Buckles designs the sets, and she and her husband, Bobby, turn the designs into reality. Parents of the students help. The cast and crew consists of 35 to 40 students. Alderman estimates that she and Buckles spend between 150 and 200 hours on this labor of love, while students invest at least 100 hours. She has had student choreographers over the years. This year, Shannon Dunning is choreographing “Freaky Friday.”

“I think that students who are involved in the fine arts naturally gravitate towards musical productions. It’s the perfect vehicle for combining music and singing with the craft of acting as well as dancing. We also attract students who are interested in the technical aspect of theater. I do think runaway hits like ‘Glee’ and ‘High School Musical’ have renewed student interest in musical productions, but I also think it’s been there all along.

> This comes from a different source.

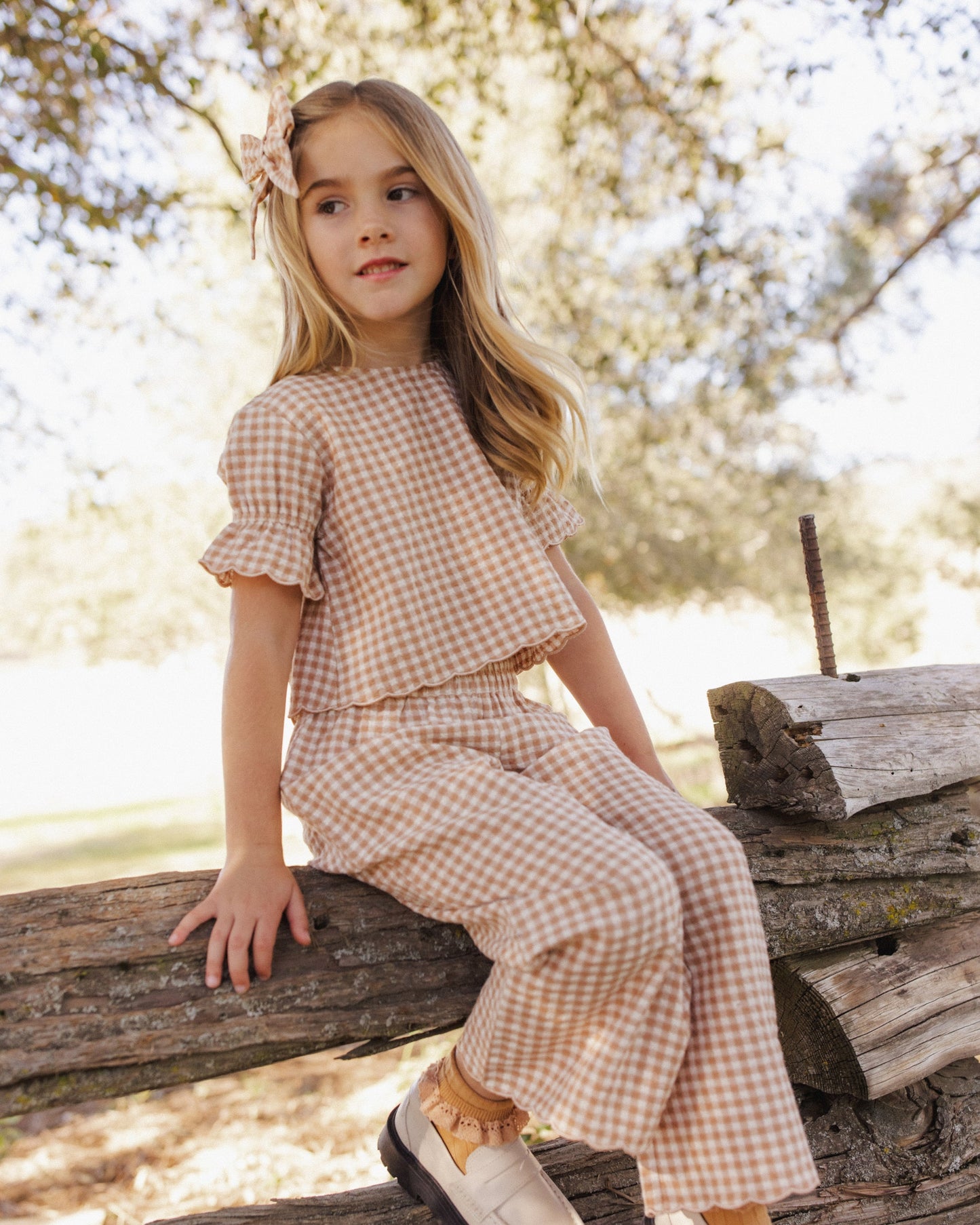 Francie Blouse Fawn Gingham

“When I was in high school 30 years ago . . . before ‘Glee’ and ‘High School Musical’ . . . we begged our choir teacher to do a musical. He didn’t, but I was able to perform in them with our local theater guild. As long as the arts are alive and well in high schools, there will be interest in performing musicals.

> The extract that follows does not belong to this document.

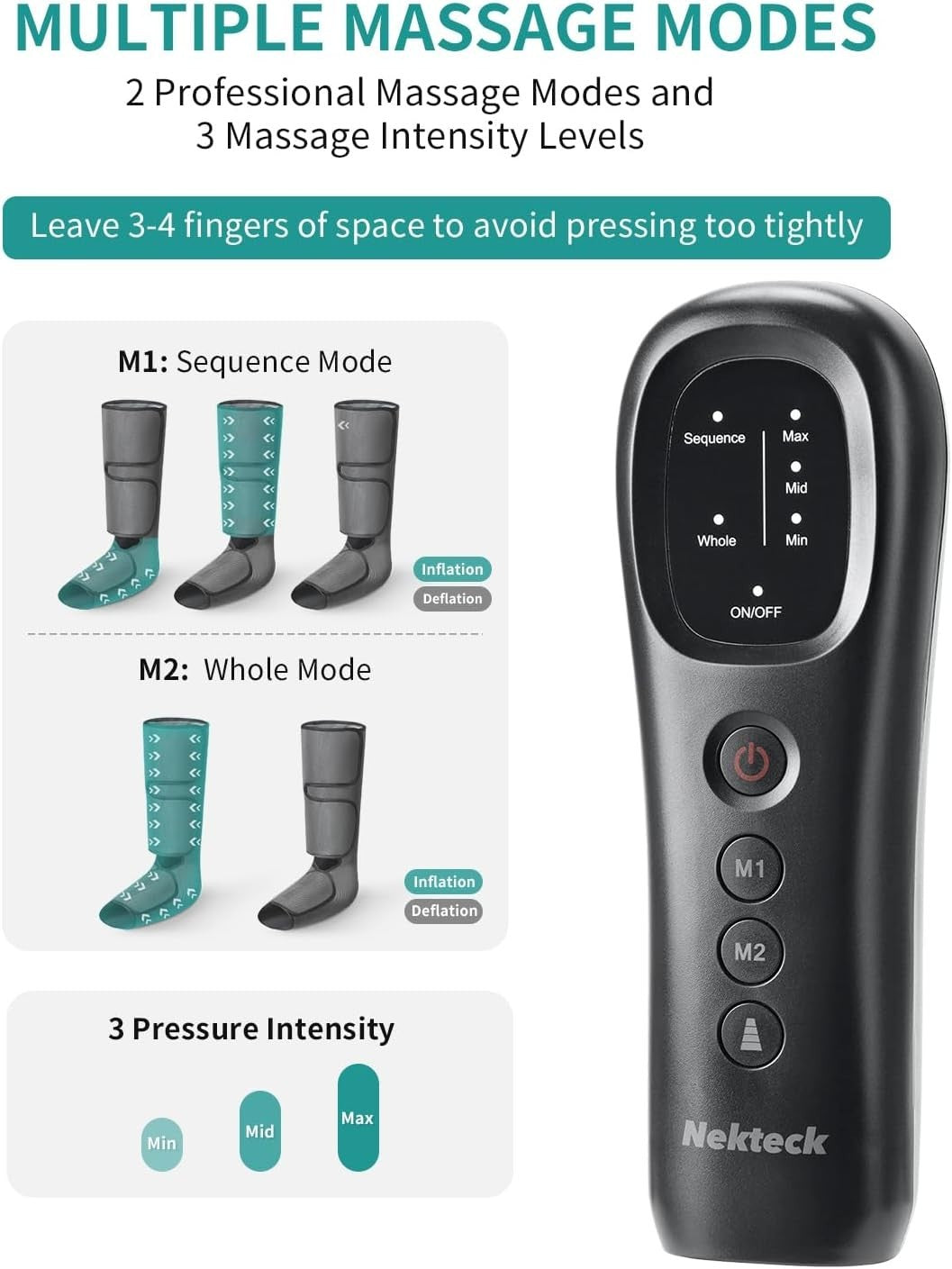 Leg & Calf Massager with Air Compression, Adjustable Straps & 3 Intensities - Kwikley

“It is life-changing for many of our students. We become a family and support system for each other. We spend so much time together, that this naturally occurs. It’s hard work, yes, but it is one of the most rewarding endeavors a student can experience,” Alderman says.

Her students echo her love of musicals.

“Being a part of the musical means you help to create your own community. Everyone knows each other and it’s fun to wave in the hallway or reference a song from rehearsal,” says Shannon Dunning.

“I love the musical experience because it allows me to be able to have a good time while doing something I love,” Lilly Wright says.

“I love the musical because not only is it a fun experience, I get to grow in my love for theater with others who love it too,” says Kendall Jarvis.

“I love being in the musical because it gives me a sense of purpose, and it’s like we are all a big family,” Addison Robinson says.

“I love being in the musical because it creates a fun environment where we all get to express our shared love for music and acting,” says Hollyn Mullins.

“I love the musical because I’ve always loved theater; I love the family that’s formed throughout the whole experience,” says Janie Gayle.

The choral department funds the musical productions. They also sell ads and seek sponsorships to help with the financial burden. The budget is usually $5,000-$6,000. This year, they added a new group to help raise funds for the musical and the choral department.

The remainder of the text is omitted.